As of one month ago, just before the Hamas attack, it looked as if a small majority of Israeli Jews, acting through months of huge street demonstrations and other acts of civil disobedience, were denouncing their government as corrupt, and anti-democratic, a threat to Israeli society.

Among American Jews, that opinion was being held by more and more people. Among those who held it, there were more than in Israel who spoke explicitly connecting the anti-democratic plans of the Netanyahu-plus-racist-Kahaneist regime with the Occupation, the expansion of the settler system on the West Bank, blind eyes (at best) by the State to settler pogroms against Palestinians, and the prevention of a two-state peace settlement.

The overwhelming response among Israeli Jews to the Hamas attack was a chorus of rage and a call for revenge. Among some Israelis there were public urgings for caution not to carry out a massive attack on civilians in Gaza. About 100 Israelis were arrested for speaking out along those lines.

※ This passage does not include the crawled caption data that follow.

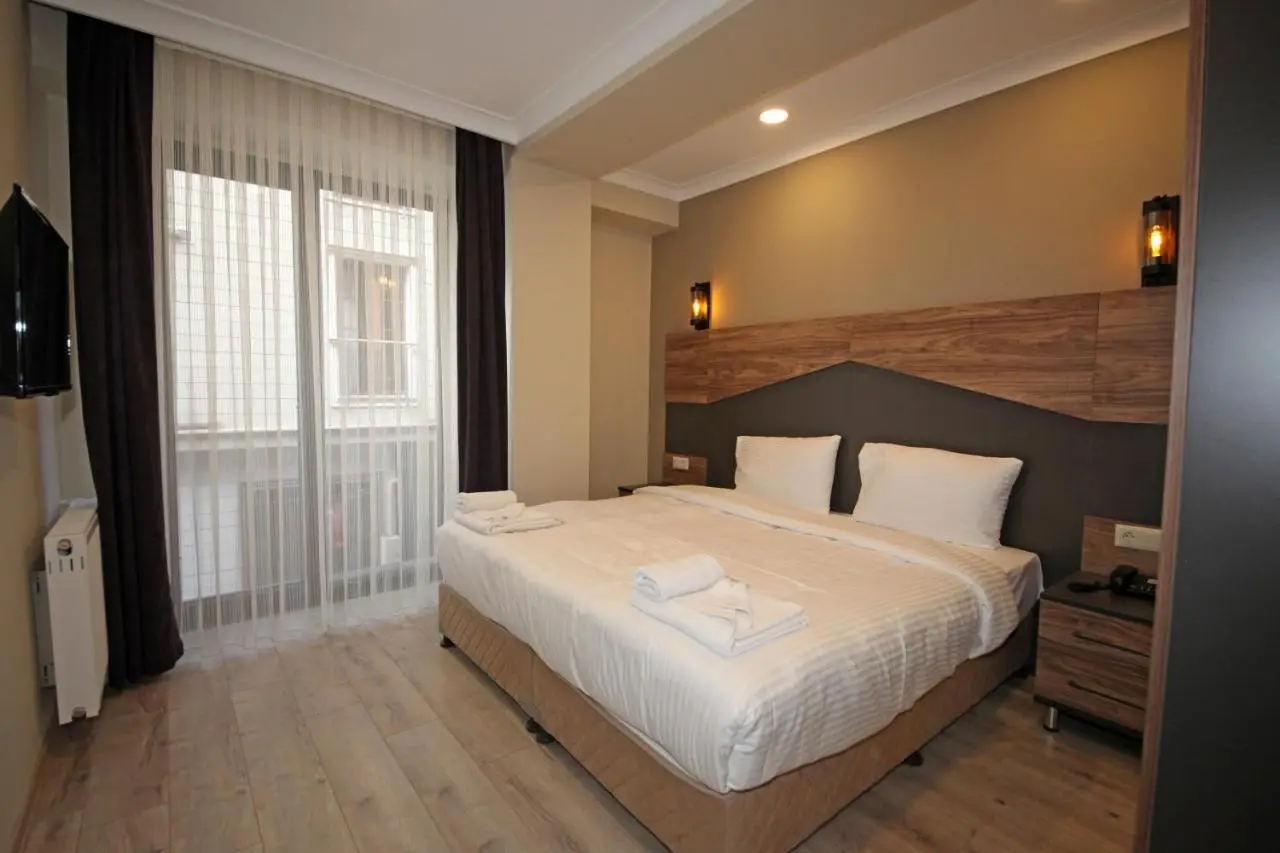 Corner Suite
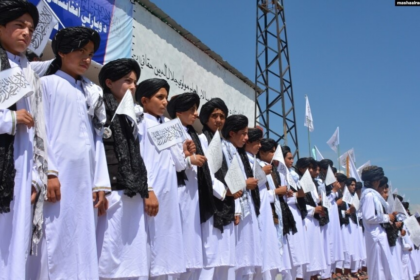 طالبان برای بیش از ۲۵۰۰ تن فارغان مدرسه‌های پاکستانی و جهادی سند ماستری دادند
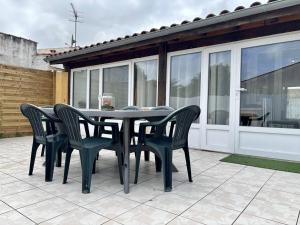 Maisons de vacances Maison familiale 3 pieces, centre Saint-Pierre d-Oleron, pres des commodites - FR-1-246A-359 : photos des chambres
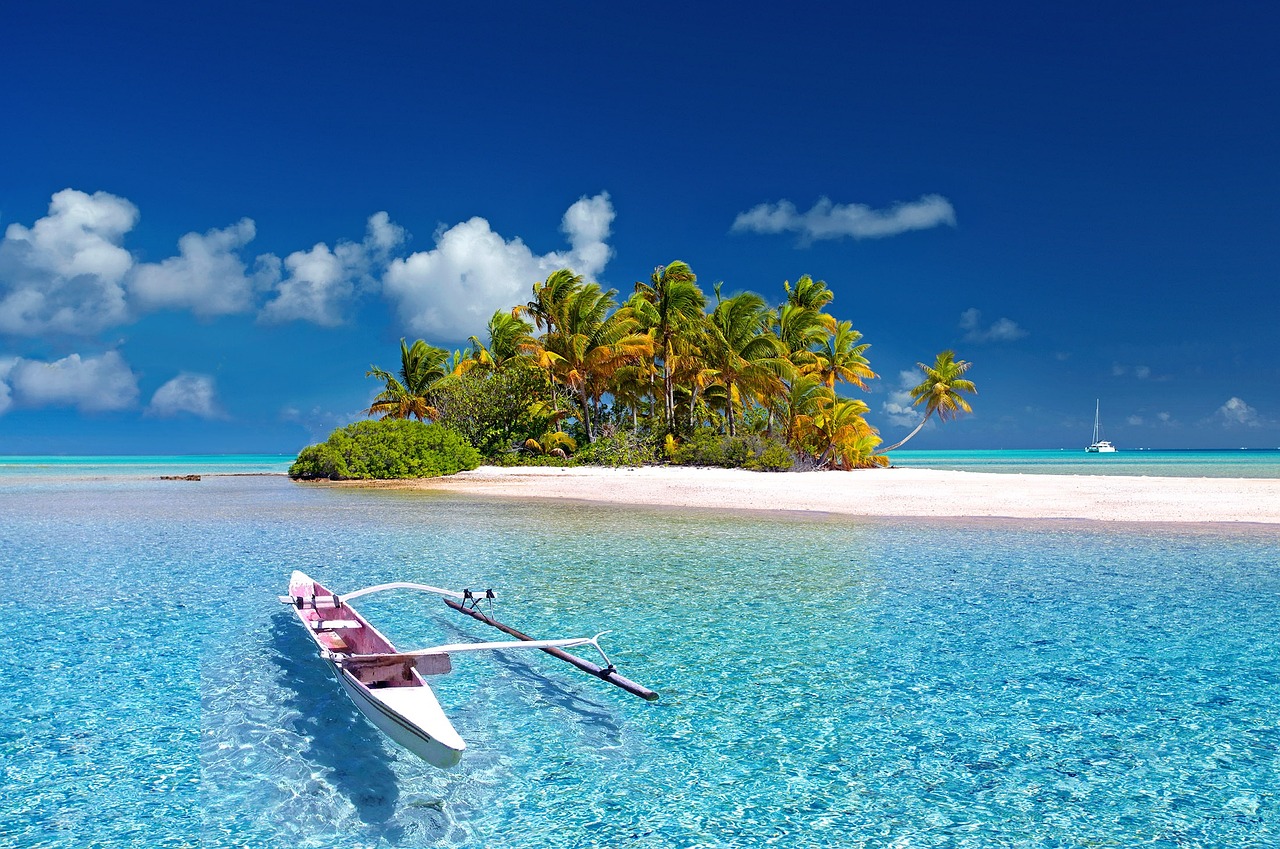 Tropische Insel mit türkisblauem Meer und entspannter Urlaubsatmosphäre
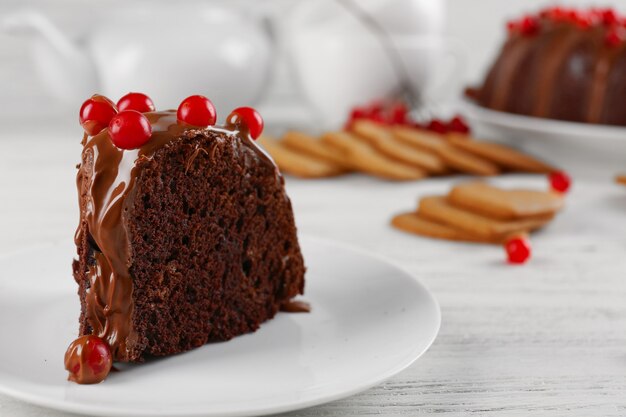 Trozo de tarta de chocolate con bayas de árbol de bola de nieve sobre una mesa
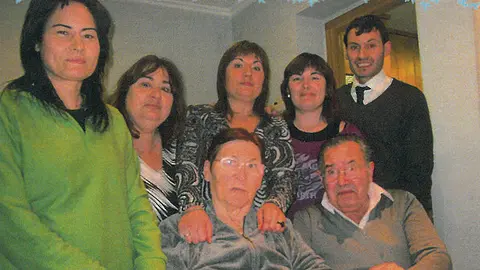 27-Justo-Sanmart&iacute;n-y-Victorina-Urzay-familia-1093.jpg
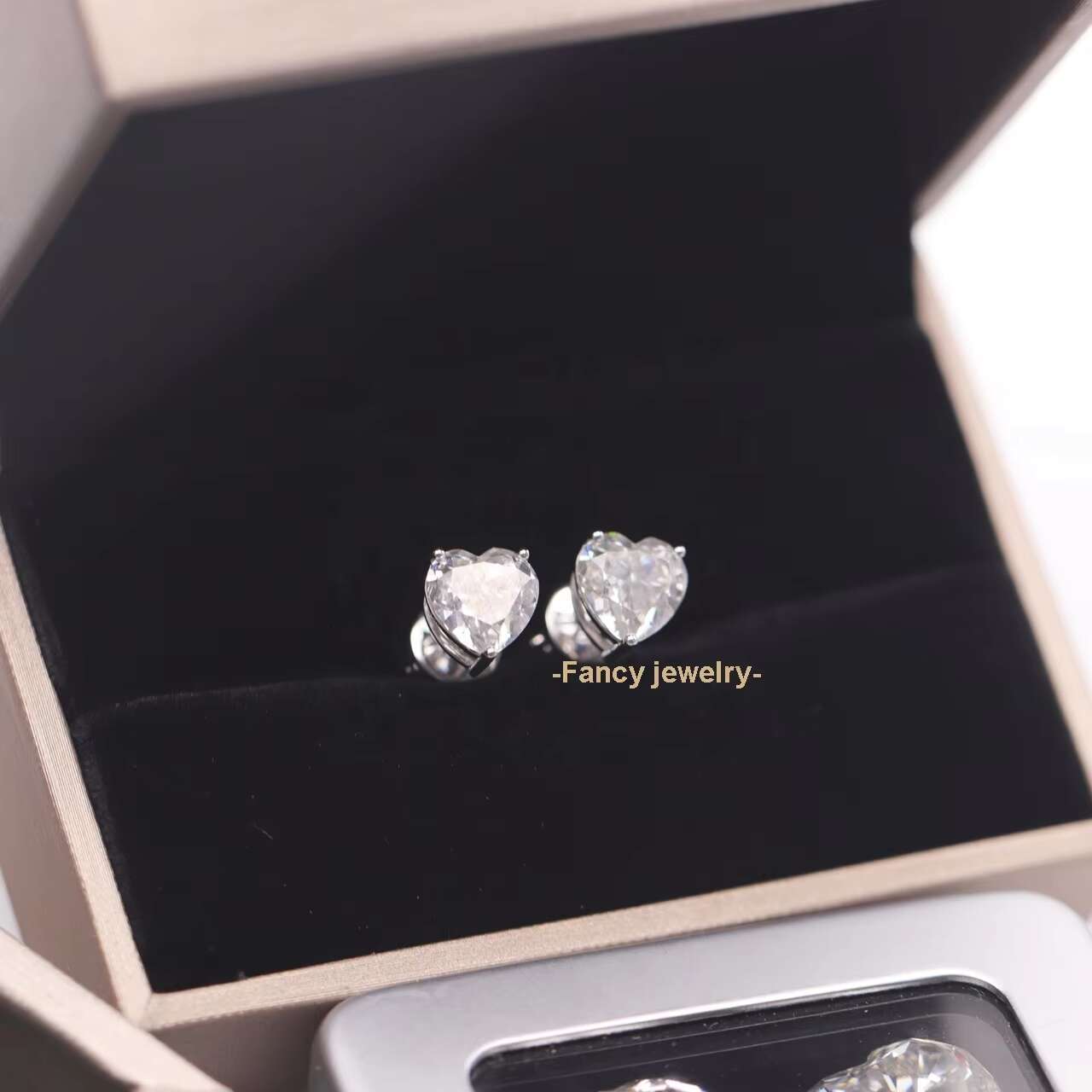 Fancy Gems 10k 14k 18k Three Claws Solitaire Heart Shape 7.5x7.5mm Moissanite Screw Stud Earring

Among American Jews, many more called for a cease fire and many welcomed arrest in calling for a cease fire.

Among most Israeli and many American Jews, there was a second response to the Hamas attack: shocked disbelief at how Israeli intelligence was utterly incompetent in having no forewarning. The N Y Times did a special investigation of that blindness. Its report concluded that arrogant contempt for Hamas and obsession with Iran as Israel’s great enemy was responsible.

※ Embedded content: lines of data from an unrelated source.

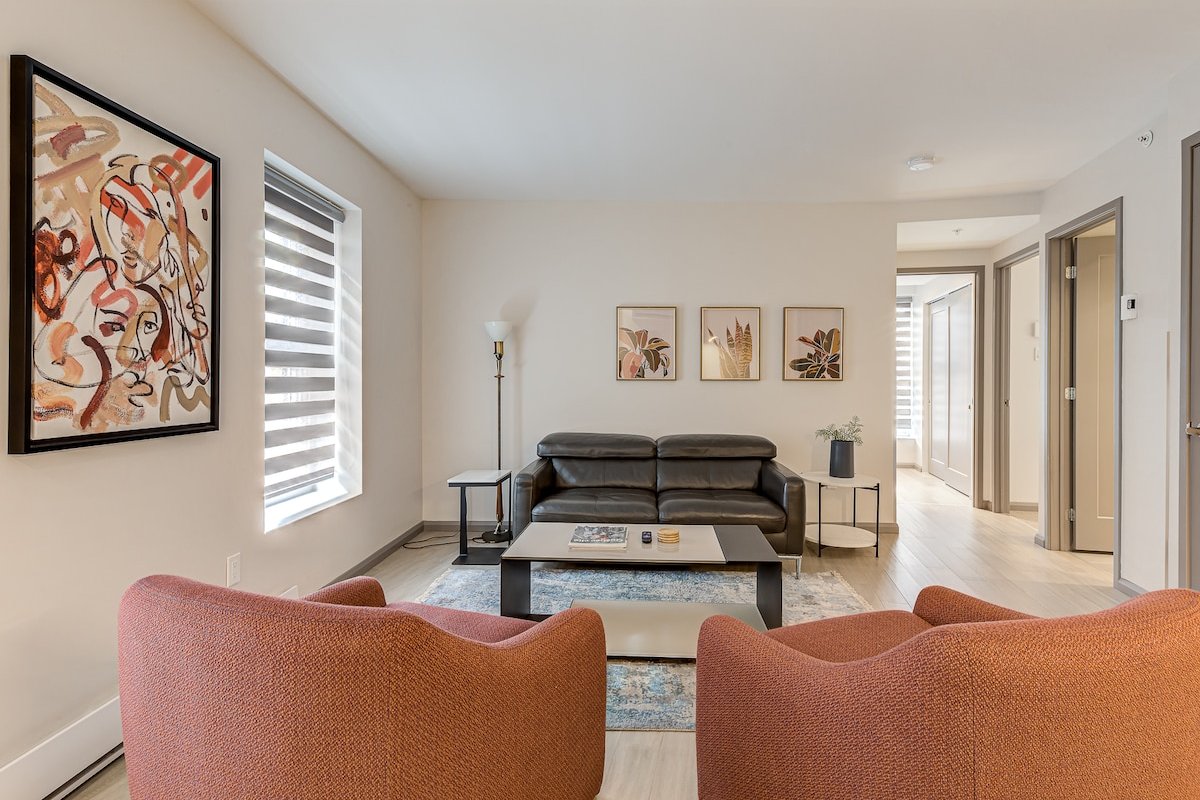 C02 | 2 Bedrooms Apt, Top Floor, Downtown, Quebec gallery image 2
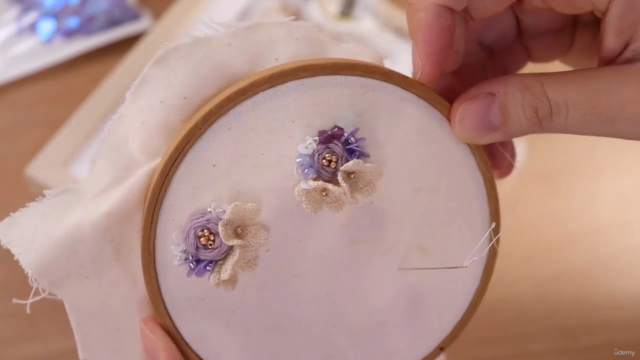 learn how to make rose embroidery earrings – Screenshot 4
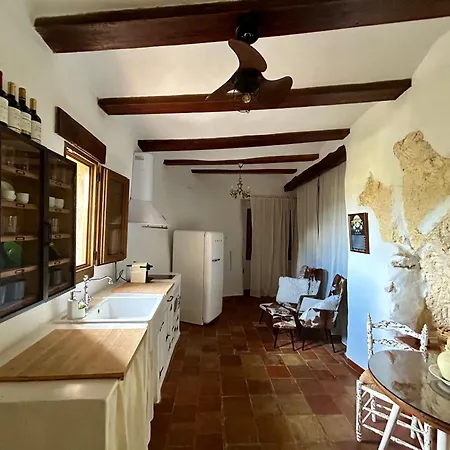Holiday home Cova L'aljub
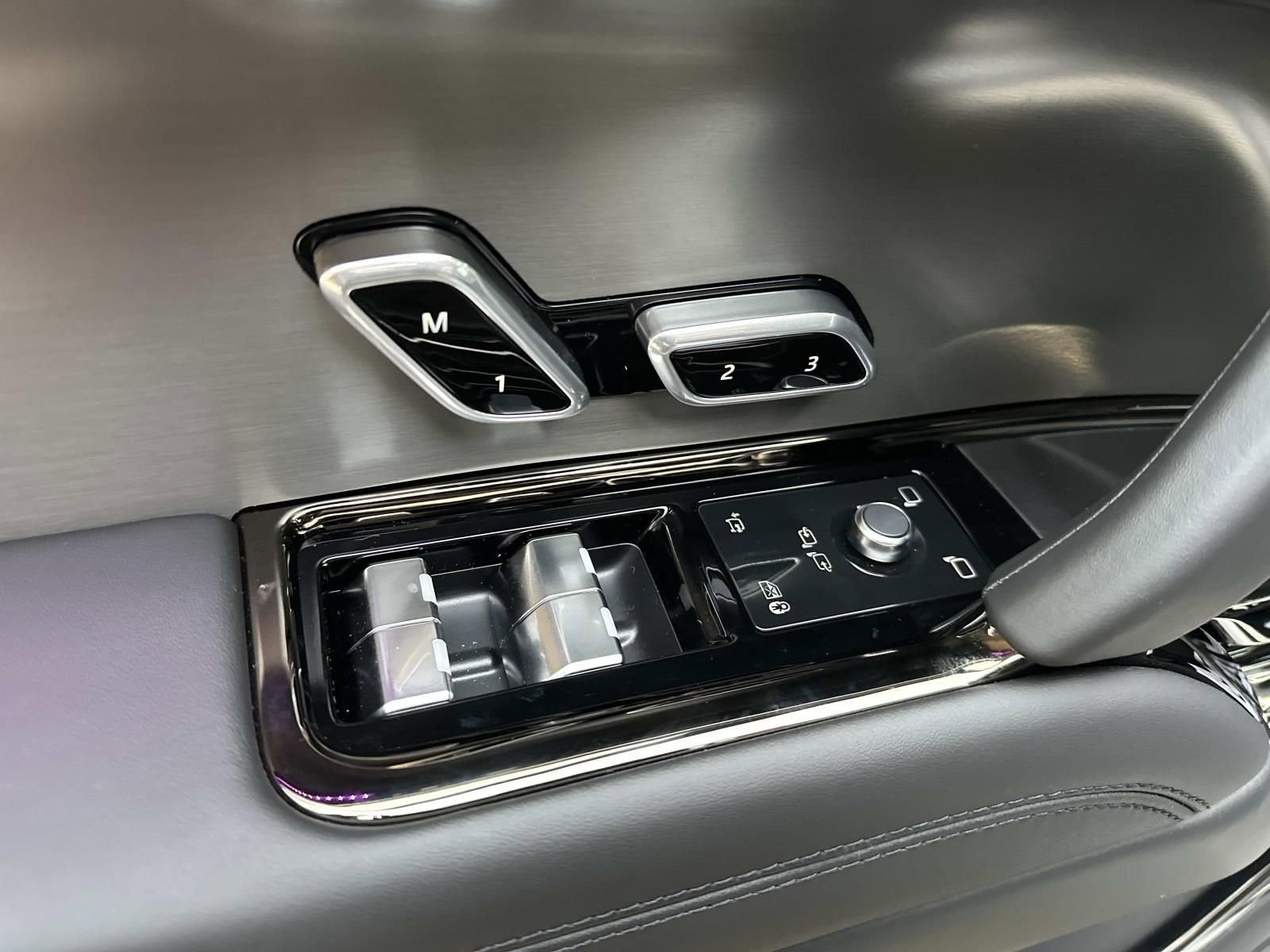 New 2026 Land Rover Range Rover Sport Dynamic SE image 10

(See details in the NY Times at — https://www.nytimes.com/2023/10/29/world/middleeast/israel-intelligence-hamas-attack.html. Also available at — https://news.yahoo.com/years-israeli-failures-hamas-led-115616625.html)

So the blind arrogance of a sitting government gives birth to blind un-intelligence. But that is not the only danger the State of Israel faces. The normal alternative to an incompetent government is the parliamentary opposition. But If the parliamentary "opposition" is a wishy-washy-squishy amalgam of the same contempt for the Palestinian people and for Islam mixed with no determination to grasp power and shape a different policy, then there follows a supine willingness to follow the incompetents into war.

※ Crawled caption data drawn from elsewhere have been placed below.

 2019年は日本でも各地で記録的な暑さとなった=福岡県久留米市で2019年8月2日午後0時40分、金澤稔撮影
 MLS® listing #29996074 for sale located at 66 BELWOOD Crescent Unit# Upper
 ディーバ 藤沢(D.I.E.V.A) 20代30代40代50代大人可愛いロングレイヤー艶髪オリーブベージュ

And if you have a pro-democracy Resistance movement that is afraid to say the Truth that democracy for Jews is a hoax unless it includes democracy for Palestinians and struggles nonviolently for both, then you feed among Palestinians — and probably among Israelis — a blind and atrocity-addicted band of killers. The longer such violence continues, the more likely will be antisemitic and Islamophobic outbursts.

Over the next generation, this means choosing between a succession of more and more nearly genocidal wars — or a negotiated peace.

Because Israel has much more power than the stateless Palestinian people, it ought to take the initiative for a binational peace. Yet because it has more power, it is less likely to take the initiative.

This leaves an important role to the Jewish, Arab, and Muslim communities in the United States. For both the sake that Israel and Palestine can thrive and for the sake of our own safety and our own spiritual intentions to be peoples of peace, can we choose to act — not only for the sake of each of our peoples separately, but for peace between us?